- Đừng Đốt
- Directed by: Đặng Nhật Minh
- Written by: Đặng Nhật Minh
- Produced by: Hong Ngat Nguyen
- Starring: Minh Huong; Tina Duong; Michael Jarmus; Mathew M. Korsch; Patrick T. McGowan; Ben Rindner; Aryeh Sternberg; Brian Townes;
- Cinematography: Duc Tung Vu
- Edited by: Anh Tu Tran
- Music by: Brothers Benedekfi; István Benedekfi; Zoltán Benedekfi;
- Release date: 2009;
- Country: Vietnam
- Language: Vietnamese

= Don't Burn =

Don't Burn (Vietnamese: Đừng Đốt) is a 2009 Vietnamese historical drama film about Đặng Thùy Trâm written and directed by Đặng Nhật Minh. Starring Tina Duong, Minh Huong and Ben Rindner, the film premiered at the 19th Fukuoka International Film Festival in Japan, winning the audience prize. The film was released in Vietnam in late April 2009 and showed at the ASEM international film festival in Hanoi in mid-May 2009. It was also selected as Vietnam's entry for Best International Feature Film at the 82nd Academy Awards.

== Plot ==
Don't Burn follows an American soldier by the name of Fred Whitehurst, who was stationed in Vietnam from 1970–1972. While attacking a village, Fred finds a diary in an abandoned field hospital. With the help of a fellow soldier Huan, he starts translating the diary, which belonged to Dang Thuy Tram, a doctor who was positioned at the field hospital for several years. She describes in vivid detail the horrors she experienced during the war: her friends die around her every day, food is scarce, and she misses her family. As Fred continues to read about the horrific fate of the wounded soldiers Thuy treated, he starts to see the humanity of his enemy and starts to have nightmares of the people he and the US army have killed. Once Fred returns to the United States, his translation efforts continue with the help of his brother Robert's Vietnamese wife Mai. While the family's long history of military service in the US army initially clashes with the empathetic writing of their supposed enemy, they eventually grow to be inspired by Thuy's altruism. 35 years pass before Fred brings the diary to Texas Tech University for a seminar on the Vietnam War. There the diary is archived digitally and eventually returned to Thuy's surviving family.

== Production ==
At the end of 2005, Dang Thuy Tram's diary became a phenomenon in Vietnam. After a visit to the family of martyr Dang Thuy Tram, the idea of making a movie about Ms. Tram began to form in director Dang Nhat Minh's mind. He wanted to make a Vietnam War film different from the ones made before in Vietnam, one where neither the "enemy" nor the "allies" sides were evil. The director expressed that "In the whirlpool of war, people are only victims".

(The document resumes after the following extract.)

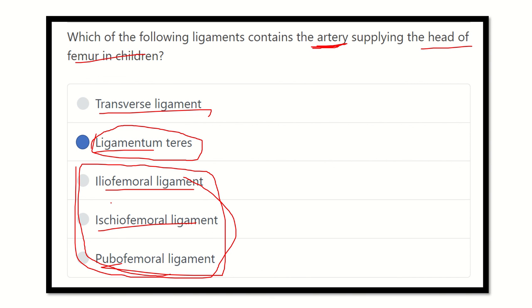This artery arises from the obturator artery, and the ligamentum teres contains this vessel supplying the femoral head. Thank you all.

Đặng Nhật Minh traveled to North Carolina in 2005 to meet Fred Whitehurst before writing the film. When asked what had impressed Fred most about the diary, he claimed it was the passage "Và ai có biết chăng ai/ Tình thương đã chắp cánh dài cho ta…" which translates to "And do you know/ Love has given us wings..." Returning to Hanoi, he began to write the script for the film, which was initially called "there is fire in this".

== Cast ==

- Minh Huong
- Tina Duong
- Michael Jarmus
- Mathew M Korsch
- Patrick T
- McGowan
- Ben Rindner
- Aryeh Sternberg
- Brian Townes

== Awards ==
The film won the Golden Lotus for Best Feature Film, the Award for Best Screenplay at the 2009 Vietnam Film Festival as well as the Golden Kite Prize and Excellent Director award by Vietnam Cinema Association Awards in 2009.

It also won the audience award at the 2009 Fukuoka Film Festival.